I recently came across an article online that asked a blunt question: ‘How do you measure up as a man?’ It listed five specific standards the world uses to decide if you’re ‘winning’ at life. While it was written for men, I think we can all feel the pressure of these today:
1.How much money you make—and how much you can keep.
2.What you drive: the price, the style, and how new your car is.
3.Your job title and how far you’ve climbed the corporate ladder.
4. Your retirement package.
5. This is my Favorite. Your hair. How much of it is still on your head.
We look at this list and realize: the world has a very specific ‘app’ for measuring our worth.
I know it doesn’t seem to make much sense to us and it might vary across cultures, but it is still how many people in the secular world generally measure a person, both men and women.

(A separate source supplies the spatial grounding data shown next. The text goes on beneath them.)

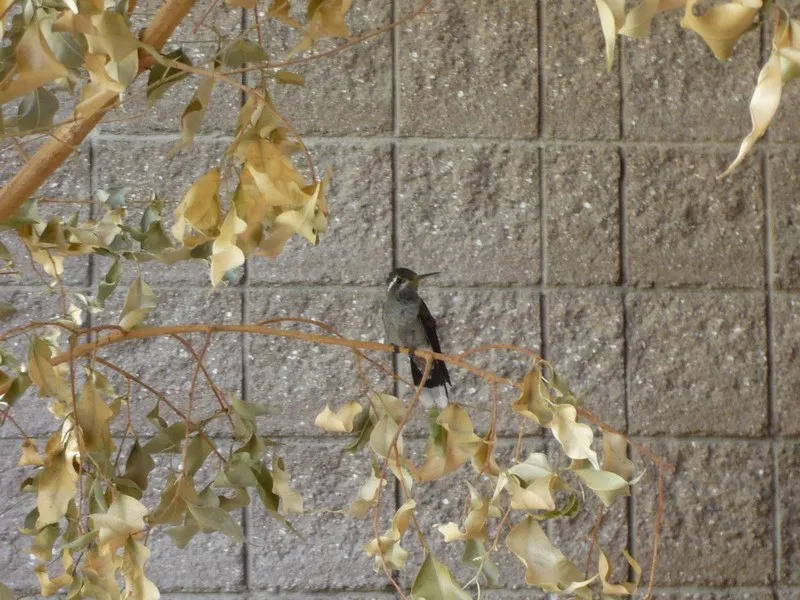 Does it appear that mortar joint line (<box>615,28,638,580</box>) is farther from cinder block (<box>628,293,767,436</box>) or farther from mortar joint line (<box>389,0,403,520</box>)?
mortar joint line (<box>389,0,403,520</box>)

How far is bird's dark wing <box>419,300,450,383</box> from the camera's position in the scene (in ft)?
5.35

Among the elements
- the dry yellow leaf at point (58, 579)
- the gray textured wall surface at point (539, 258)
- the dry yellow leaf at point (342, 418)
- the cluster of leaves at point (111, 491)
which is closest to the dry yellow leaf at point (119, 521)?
the cluster of leaves at point (111, 491)

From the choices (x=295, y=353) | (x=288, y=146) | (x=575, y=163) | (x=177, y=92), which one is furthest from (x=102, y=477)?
(x=575, y=163)

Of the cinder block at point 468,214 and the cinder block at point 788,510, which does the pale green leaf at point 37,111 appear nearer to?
the cinder block at point 468,214

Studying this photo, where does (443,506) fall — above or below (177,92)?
below

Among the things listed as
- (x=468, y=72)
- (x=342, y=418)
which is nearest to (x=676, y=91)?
(x=468, y=72)

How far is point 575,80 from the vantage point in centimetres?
180

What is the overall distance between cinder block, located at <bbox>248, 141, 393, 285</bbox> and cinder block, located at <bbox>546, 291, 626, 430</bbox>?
1.13 ft

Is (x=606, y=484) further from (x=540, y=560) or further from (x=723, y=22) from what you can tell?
(x=723, y=22)

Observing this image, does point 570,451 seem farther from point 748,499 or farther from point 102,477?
point 748,499

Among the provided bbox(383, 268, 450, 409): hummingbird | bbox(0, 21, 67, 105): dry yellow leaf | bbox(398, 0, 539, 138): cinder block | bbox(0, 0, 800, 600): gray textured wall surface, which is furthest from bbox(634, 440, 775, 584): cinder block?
bbox(0, 21, 67, 105): dry yellow leaf

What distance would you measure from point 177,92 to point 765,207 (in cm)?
116

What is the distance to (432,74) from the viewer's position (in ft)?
5.85

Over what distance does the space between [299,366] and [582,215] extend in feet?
2.02
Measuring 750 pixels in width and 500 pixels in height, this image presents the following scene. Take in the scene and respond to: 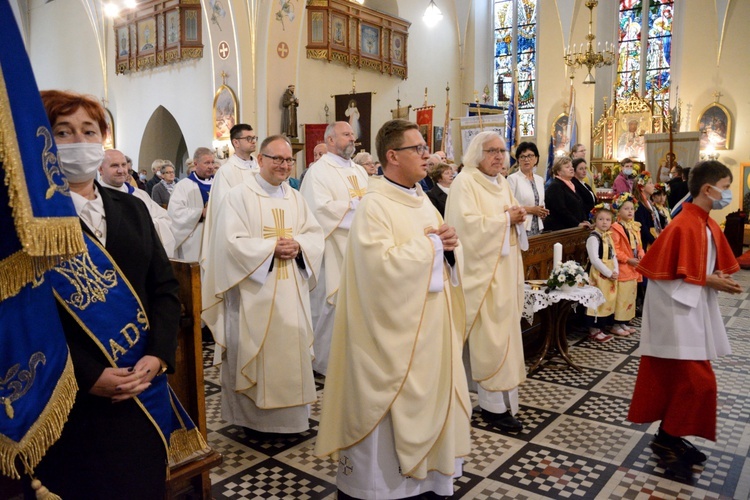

Ask any first-century Jewish people who the blessed people were in their community and they would have shared with you the conventional wisdom of the day.
His answer would be like these: “Blessed are the wealthy, for they have lots of stuff.” “Blessed are the Romans, for they have power.” “Blessed are the powerful, for they get what they want.” Or “Cursed are the gentiles, for we’re not like them.”
But in today’s Gospel story, Jesus stands on a mountainside and offers a completely different yardstick. He lays out a set of principles that redefine the meaning of success and happiness in the eyes of God. And his standards stand in stark contrast to the standard of the world.